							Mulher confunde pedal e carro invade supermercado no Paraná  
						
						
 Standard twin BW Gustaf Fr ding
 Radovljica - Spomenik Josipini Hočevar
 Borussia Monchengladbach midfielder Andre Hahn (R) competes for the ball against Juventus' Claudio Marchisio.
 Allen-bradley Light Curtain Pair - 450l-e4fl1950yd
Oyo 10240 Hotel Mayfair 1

• [EXERCISE REQUIREMENTS] Find "Allen-bradley Light Curtain" in the records above. Repeat its line and every later line exactly, through the last one.

• [EXPECTED ANSWER]
 Allen-bradley Light Curtain Pair - 450l-e4fl1950yd
Oyo 10240 Hotel Mayfair 1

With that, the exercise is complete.